- _Data extract_:
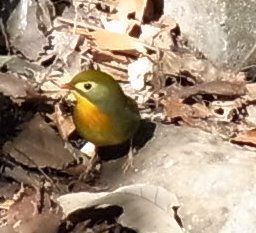 ずいぶん前に写真にとったのですが 未だ名前がわかりません こ Yahoo 知恵袋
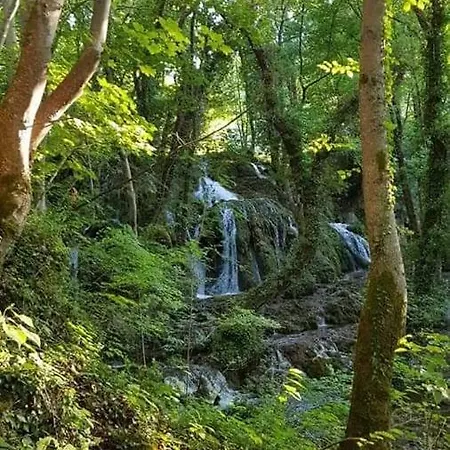 Apartments Martin Brod Martin Brod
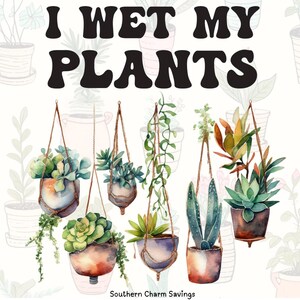Eu molhei minhas plantas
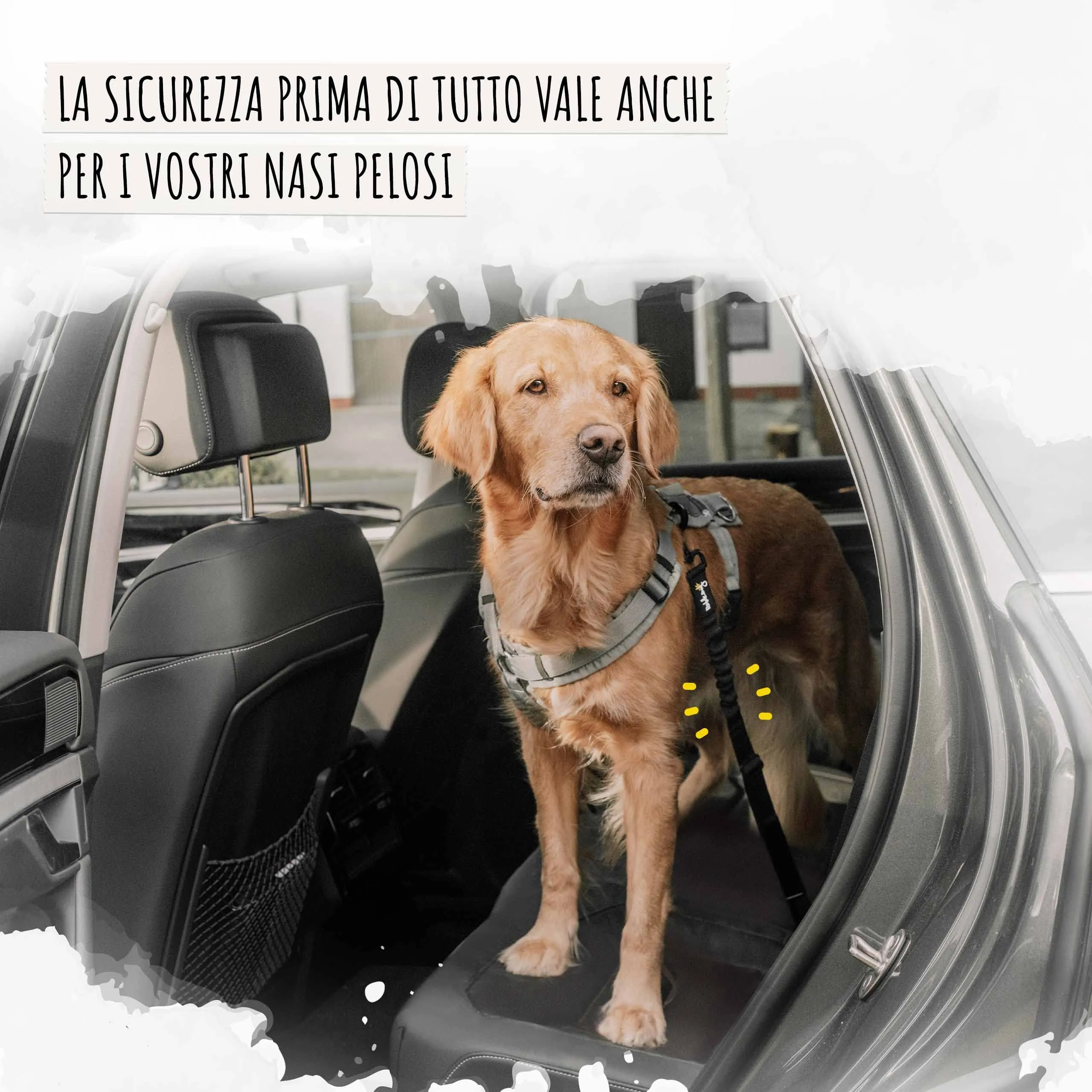 Rudelkönig Cintura di Sicurezza per Cani Auto, Elastica e Regolabile, Nero - immagine 3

- _The task_:
Leave out the pictures and reproduce the rest of the listing exactly.

- _Result_:
 ずいぶん前に写真にとったのですが 未だ名前がわかりません こ Yahoo 知恵袋
 Apartments Martin Brod Martin Brod
Eu molhei minhas plantas
 Rudelkönig Cintura di Sicurezza per Cani Auto, Elastica e Regolabile, Nero - immagine 3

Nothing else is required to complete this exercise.